One of my fondest memories of my mom in the kitchen is when she was making homemade bread. Whether it was sourdough, Italian bread or just a traditional wheat bread loaf, I could sit and watch her for hours – and I did! When I finally got old enough, I begged her to teach me how to make it myself, and I never looked back after that. There’s just something about the smell of the yeast and the dough and the hot, steamy bread when it comes out of the oven…it just reminds me of everything that’s right in the world.
With the popularity of bread machines, I think handmade bread has become a bit of a dying art. No, I’m not knocking bread machines – not at all. I had one for a long time. They’re a great time-saver, and they’re a fantastic way to have homemade bread if you struggle with dough. I had a friend who, try as she might, could never turn out a loaf of bread. She’d either knead it too much or she’d put too much flour in. It happens.
I feel blessed that I learned how to make bread by hand from an early age. Now, making bread is therapeutic for me. There’s no substitute for getting my hands into the dough and actually connecting with the food that I’m making. That’s where the love comes into the kitchen. I’ve got a lot of bread recipes in my archives, and I’ll be sharing many of them with you – starting with this Italian bread recipe. This is one of my favorites, and I hope that you enjoy it as much as I do.
- 2 pouches active dry yeast
- ½ cup warm water (about 110 degrees)
- 3½ tablespoons sugar
- 3 tablespoons shortening
- 2½ cups warm water
- 1½ tablespoons salt
- 1 egg, beaten
- 8 to 9 cups flour
- 2 tablespoons melted butter
- Combine the yeast and ½ cup of warm water in a large bowl. Let it rest for five minutes.
- Add the sugar, shortening, water and salt. Combine thoroughly.
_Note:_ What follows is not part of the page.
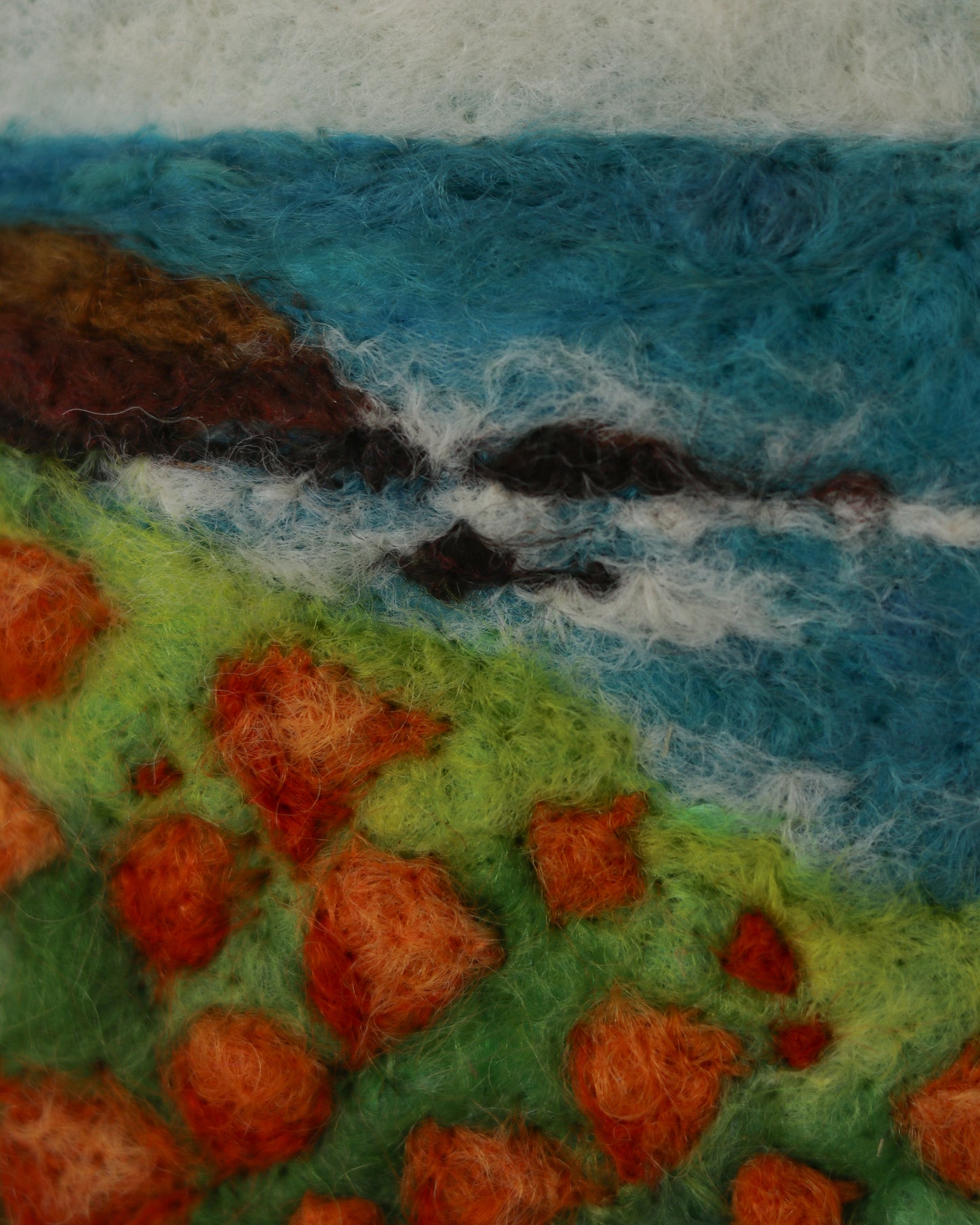 Big Sur Poppies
- Whisk in the egg, then stir in half of the flour.
- Mix well to incorporate all of the flour.
- Gradually add more flour until the dough comes together and pulls away from the side of the bowl.
- Lightly flour your countertop, then turn the dough out onto the surface.
- Knead the dough for about five minutes or so, until it feels smooth and seems elastic.
- Grease a clean bowl, then put the dough ball into the bowl. Turn the dough to coat the whole thing.
- Cover the bowl lightly with a towel and place it in a draft-free area for about an hour, or until it doubles in size.
- Preheat the oven to 350 degrees.
- Punch down the dough, then turn it out onto a lightly floured counter.
- Split the dough in half. Shape each half into a long loaf.
- Place them seam-side down on a greased baking sheet.
- Cut a half-inch to one inch slice down the center of each loaf to create the center split. You can also do four to six slices diagonally across the loaf as an alternative.
- Bake the bread for 36 to 40 minutes, or until the top is golden. Remove it from the oven and brush the top of both loaves with melted butter.